⚠ Martyn's Law · April 2027

Martyn's Law for Schools:
A Practical Implementation Guide

May 2026
Fyrfly Systems
12 min read

April 2027 is closer than it looks. And for most school leaders, the Terrorism (Protection of Premises) Act 2025 — known as Martyn's Law — remains something that lives on a governor agenda rather than in an operational plan.

That needs to change. Not because terrorism is an imminent threat to your school. But because the way schools respond in a crisis — any crisis — depends entirely on the preparation that happened before it. Martyn's Law is the legislative push that many schools needed to get that preparation right.

This guide is for school leaders, bursars, estates teams, designated safeguarding leads, MAT directors, and governors who want a clear, honest account of what the law requires, what good compliance looks like, and how to make it stick operationally rather than just on paper.

What Martyn's Law Is — and Isn't

Martyn's Law is named after Martyn Hett, who was killed in the Manchester Arena attack in May 2017. His mother, Figen Murray, campaigned for seven years to make protective security a legal requirement for venues that admit the public. The Act received Royal Assent in April 2025.

The law requires certain premises and events to have protective procedures in place — not surveillance systems, not specialist security staff, and not military-grade protocols. Procedures. Plans. Trained people. That's the core ask.

It is not about turning schools into fortresses. It is about ensuring that if something serious happens, staff know what to do, and that decision was made calmly in advance rather than under pressure in the moment.

What "Publicly Accessible Premises" Means for Schools

Schools are explicitly in scope.

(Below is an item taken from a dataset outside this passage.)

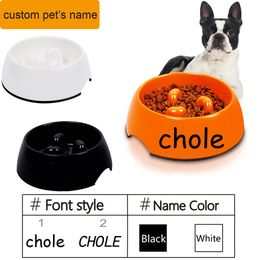 Feeding Free Customised Pet Name Pet Bowl For Fast Eaters Super Design AntiGulping Dog Bowl Slow Feeder Pet Bowls Pet Supplies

Any premises where members of the public are permitted to enter — including parents, visitors, contractors, and community users — qualifies as a publicly accessible location under the Act.

This includes primary schools, secondary schools, academies, independent schools, sixth form colleges, special schools, and any school that holds events, lets its facilities, or admits visitors during the school day.

The relevant question is not "do we admit the public?" but "could a member of the public enter our premises?" For most schools, the answer is yes.

Standard Tier vs Enhanced Tier

The law creates two tiers of obligation based on capacity.

Standard Tier applies to premises with a capacity of 100 to 799 people. The majority of schools fall here. Standard Tier requires documented procedures, staff awareness, and a named Responsible Person. It does not require SIA registration, a formal security plan, or notification to any regulator.

Enhanced Tier applies to premises with a capacity of 800 or more. This includes larger secondary schools, sixth form colleges, and schools with significant event spaces. Enhanced Tier requires all Standard Tier obligations plus a formal security plan, a qualified Security Manager, and SIA notification.

For most primary schools and smaller secondaries, Standard Tier is the relevant framework. For larger schools and MATs with substantial sites, it is worth calculating capacity carefully — and erring on the side of Enhanced Tier if there is genuine ambiguity.

Not sure which tier you fall under? Our free Martyn's Law Readiness Assessment determines your tier and obligations in 5 minutes. Take the free assessment →

What Schools Actually Need to Do

The obligations for Standard Tier schools break down into five practical areas. None of them require specialist security expertise. All of them require clear thinking, honest assessment, and consistent follow-through.

1. Appoint a Responsible Person

Someone in senior leadership must own this. Not nominally — operationally. The Responsible Person is accountable for ensuring procedures exist, staff are aware of them, and they are reviewed regularly.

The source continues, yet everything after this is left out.